UK interest rates are already higher than they need to be to bring inflation back to its target level, a Bank of England policymaker argued on Friday.
Silvana Tenreyro, an external member of the BoE’s Monetary Policy Committee, told a conference in London that “policy was already in restrictive territory” before the November MPC meeting, when the majority of members voted to raise interest rates by 0.75 percentage points to 3 per cent.

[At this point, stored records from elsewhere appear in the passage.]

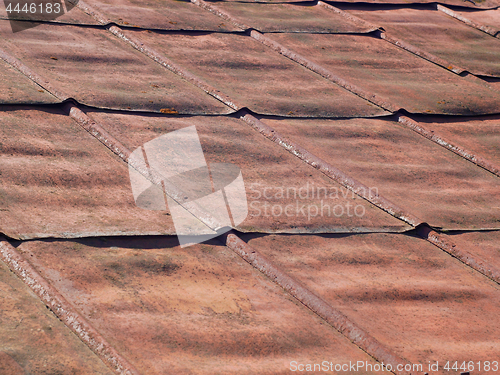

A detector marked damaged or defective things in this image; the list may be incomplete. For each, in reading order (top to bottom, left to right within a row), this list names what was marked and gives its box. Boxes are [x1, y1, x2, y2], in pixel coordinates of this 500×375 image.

rusted metal surface [0, 57, 57, 104]
rusted metal surface [0, 20, 230, 114]
rusted metal surface [79, 0, 241, 30]
rusted metal surface [120, 29, 386, 117]
rusted metal surface [197, 1, 376, 33]
rusted metal surface [270, 32, 500, 115]
rusted metal surface [342, 7, 500, 77]
corroded metal edge [436, 4, 498, 38]
rusted metal surface [0, 107, 178, 239]
rusted metal surface [85, 109, 406, 232]
rusted metal surface [262, 117, 500, 231]
corroded metal edge [398, 115, 500, 178]
rusted metal surface [406, 114, 500, 175]
corroded metal edge [418, 226, 500, 284]
rusted metal surface [0, 241, 117, 375]
corroded metal edge [0, 239, 142, 374]
rusted metal surface [14, 239, 382, 374]
corroded metal edge [225, 232, 412, 375]
rusted metal surface [246, 234, 500, 372]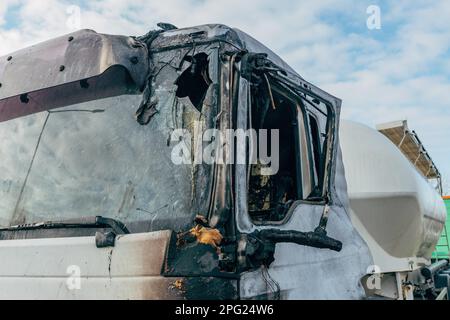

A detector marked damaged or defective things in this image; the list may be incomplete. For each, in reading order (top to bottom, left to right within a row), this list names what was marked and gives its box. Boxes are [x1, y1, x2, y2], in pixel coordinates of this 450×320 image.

shattered windshield [0, 90, 197, 230]
burned truck cab [0, 24, 370, 300]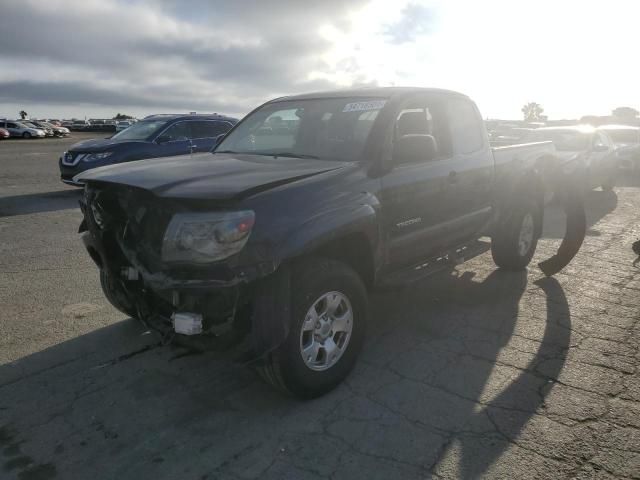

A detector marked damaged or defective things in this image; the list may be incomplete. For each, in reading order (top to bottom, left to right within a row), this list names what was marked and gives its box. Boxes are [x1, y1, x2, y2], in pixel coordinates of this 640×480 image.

She said it was too early to see the full effects of “the fastest tightening in policy in the MPC’s history”, arguing that interest rate rises fed through to the economy more slowly than in the past, as fixed-rate mortgages were more common and most homeowners had yet to refinance.
Even if interest rates remained at their current level, the economy was likely to fall into recession and inflation to fall below target in the medium term, leading the BoE to cut interest rates from 2024, she suggested.
If interest rates rose in line with recent market expectations, the UK would face a prolonged recession accompanied by a sharp rise in unemployment and further falls in living standards.
The UK economy shrank in the third quarter, according to official data released on Friday, to a lower level than previously forecast, suggesting the country is headed towards a prolonged recession.
Other MPC members have already made clear that the central bank does not think interest rates will need to rise as high as the 5.25 per cent peak market pricing implied in the run-up to the last policy meeting.
Tenreyro, who has been one of the most dovish voices on the MPC in recent months, is an outlier in suggesting that the central bank has already done enough to rein in inflation, which stood at 10.1 per cent in September — five times the BoE’s 2 per cent target.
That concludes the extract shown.